Acho que o mais importante numa serigrafia é que a coisa fique bonita, aliás, que fique algo INCRÍVEL! É muito trabalho envolvido, desde a concepção até a impressão pra que a coisa fique mais ou menos. Numa serigrafia, é comum se ter um número pequeno de cores, então pra mim a primeira coisa a se pensar é a paleta e a combinação perfeita (ou quase) dessas cores. E existe toda uma arte na coisa de se revelar uma tela, e depois na impressão um encaixe perfeito de cada uma delas. O Caderno Listrado faz tudo isso com uma maestria e paixão por todo o processo que nem passaria na minha cabeça em fazer uma impressão serigráfica se não com eles.

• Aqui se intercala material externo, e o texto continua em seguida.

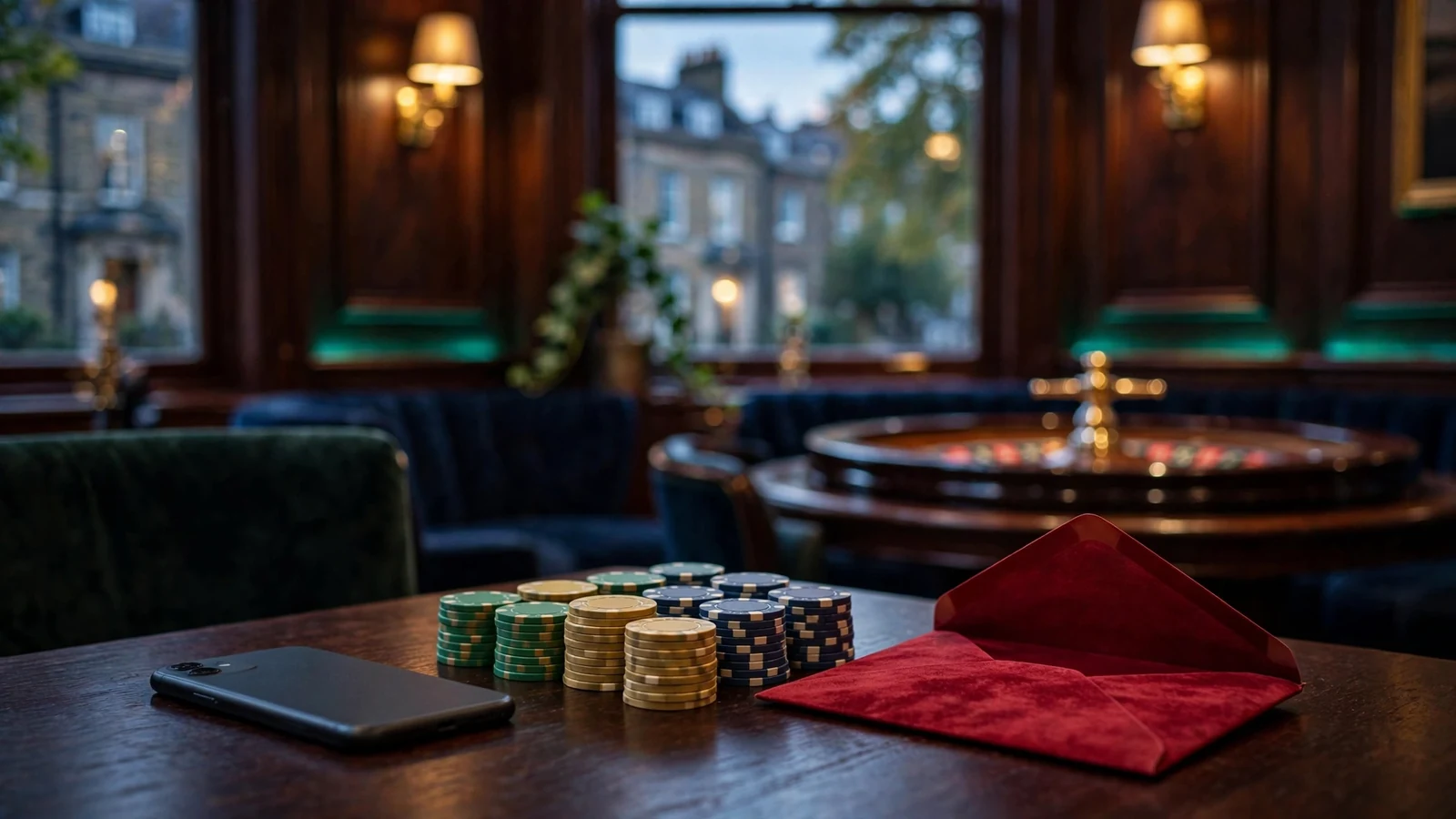 Premium British casino scene with cashback motif and hidden smartphone screen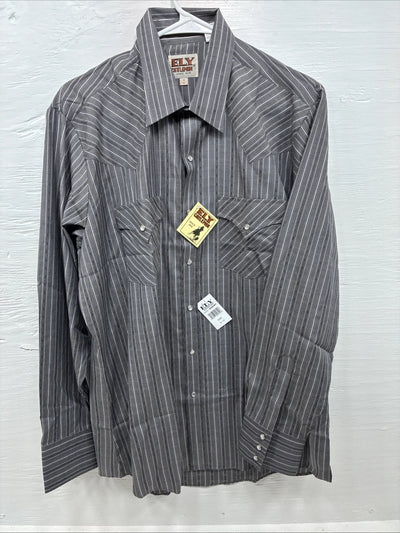 New Men’s ELY Cattleman Gray White Stripe Long Sleeve Pearl Snap 16 Large Q-39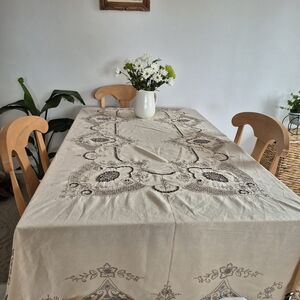 Hand embroidered  Linen Tablecloth, Beige & Grey Embroidery, Medeira Cut Work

“Convido o observador a ‘perder um tempo’ procurando detalhes e absorvendo a mensagem depois de um tempo namorando o cartaz”
E você pode falar, por favor, um pouco sobre as cores que optou para o cartaz do blog? Nós escolhemos trabalhar com três cores, como você chegou nas três que acabou usando?
Na verdade são quatro cores, se contar com a cor do papel, que também faz parte da composição da arte. Eu tenho costume de trabalhar com paletas quentes, vermelho, laranja e amarelo. Gosto das referências: sangue, fogo, apavoro e fim do mundo. Porém, para a arte do Vitralizado eu queria algo mais sereno e menos agressivo. Aí eu optei por explorar um pouco uma coisa mais fria e “tranquila”: a ideia de uma garota apreciando um gibi, enquanto plantas florescem do livro, ao seu redor e das várias cabeças arrancados e que agora são vasos espalhados pela sala. Trabalhar com cores frias é sempre um desafio pra mim, parece que minha cabeça não funciona muito bem com essa gama de cores ( azul, verde, lilás, etc), então me toma muito mais tempo pensar em como resolver o desenho do que seria fazer algo no automático com vermelho e laranja. E geralmente, quando me aventuro nesses tons mais calmos acabo gostando muito do resultado, apesar de quase sempre ficar bem mais exausto mentalmente.
Na arte que fiz pro Vitralizado o vermelho ainda marca presença, mas está diluído numa massa turquesa e ambas se fundem aqui e acolá.
Já vi outros trabalhos seus para cartazes e pôsteres. Você gosta de projetos do tipo? O que você considera essencial em um bom cartaz? Como foi a experiência de desenvolver esse cartaz de aniversário do Vitralizado?
Acho que a principal função de um cartaz é comunicar, no sentido mais direto da coisa. Morro de inveja de quem consegue fazer um puta cartaz com poucas cores, a fonte certa e aquele desenho matador e enxuto pra que o observador capte tudo numa fração de segundo e PÁ!, a mágica está feita!
Meu desenho é poluído, tem sempre muita informação e eu desisti de tentar mudar isso nessa altura do campeonato! O traço e a linha preta não me dão trégua e sempre regem a composição. Então quando me solicitam algum cartaz, pra algum lançamento, evento ou shows por exemplo, eu pratico uma tal resiliência em não tentar chegar num resultado final perfeito ( pro que seria um cartaz ideal ), mas tento encontrar na bagunça dos meus traços um resultado estético bacana e que comunique, convidando o observador a “perder um tempo” procurando detalhes e absorvendo a mensagem depois de um tempo namorando o cartaz. A mágica também acontece, mas é preciso um trabalho maior de observação e leitura.